Les très riches heures d’Antoine Naufal, libraire à Beyrouth

Le livre se présente comme une biographie d’Antoine Naufal (1912-1981), fondateur de la Librairie Antoine à Beyrouth. Son histoire et celle de sa librairie ont cependant pour toile de fond les complications consécutives à la chute de l’Empire ottoman et à la mise en place d’un mandat français au Liban, des années « françaises » aux horreurs de la guerre civile libanaise déclenchée en 1975 : le père d’Antoine, Sélim Naufal, a été contraint de fuir Adana au début du XXe siècle pour se réfugier dans la montagne libanaise. L’enfance d’Antoine est marquée par ce dépaysement, la gêne, et la peur de tout perdre à nouveau.

Embauché dans la librairie d’Ernest Chehab, le jeune Antoine ignore encore qu’il va se passionner pour les livres. Rapidement, son ambition est de posséder sa propre échoppe, où il pourra vendre Les Fleurs du mal, que son patron actuel est trop bon chrétien pour admettre dans ses rayonnages. L’occasion se présente : le voilà propriétaire d’un petit local, et déterminé à satisfaire le client à tout prix. Demande-t-il un livre qui n’est pas en rayon? Antoine saute sur son vélo et pédale jusqu’à la librairie la plus proche pour le lui acheter, prétextant un saut à la réserve, en réalité inexistante. Petit à petit, l’essor de la librairie est sanctionné par une affluence régulière, puis couronné par la présence de personnalités politiques, journalistiques et littéraires : Françoise Sagan y tient en 1954 une séance de dédicaces, et Antoine Naufal est fait chevalier de la Légion d’honneur quelques années plus tard.

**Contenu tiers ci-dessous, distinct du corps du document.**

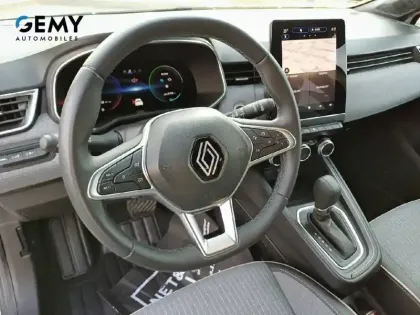 Photo 12 Renault Clio  E-Tech full hybrid 145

Le succès dans les affaires se construit parallèlement à une vie familiale riche : un mariage et quatre filles. Mais il faut compter avec les événements : la guerre, l’indépendance, le départ des Français, la naissance de l’État d’Israël et l’exode des réfugiés palestiniens, qui commencent à s’organiser militairement au Liban. La prospérité, la convivialité et le cosmopolitisme libanais sont menacés par un contexte régional de plus en plus tendu comme par la fracture grandissante entre les différentes communautés, inégalement concernées par la croissance économique. Le déclenchement de la guerre civile met Beyrouth à feu et à sang : les fusils remplacent les livres.

On peut sans doute reprocher à l’écriture certaines facilités, un sentimentalisme parfois excessif… Nada Anid réussit pourtant à entrecroiser les témoignages des quatre filles d’Antoine Naufal à ses propres recherches et à rendre palpable au lecteur, à travers le tissage délicat de ces voix différentes qui racontent la même histoire, tout un monde d’émotions et de vécu.

À travers des anecdotes significatives, entre humour plein de tendresse et nostalgie poignante, on découvre un Liban que l’on aurait aimé connaître. Certains diront peut-être que c’est un Liban de carte postale ; laissons-les parler. Enfin, au-delà du particularisme local, si attachant, tous ceux qui aiment les livres ressentiront l’indescriptible douleur du spectacle d’une bibliothèque qui brûle.

Envers et contre tout, la Librairie Antoine est cependant parvenue à renaître. Devenue une institution, elle continue encore aujourd’hui de maintenir, grâce à des succursales un peu partout dans le pays et une présence internationale, la tradition francophone et cosmopolite à laquelle tenait tant son fondateur. En somme, un semeur de civilisation.

Isabelle Safa

Nada Anid, Calmann-Lévy, 2012, 19 euros.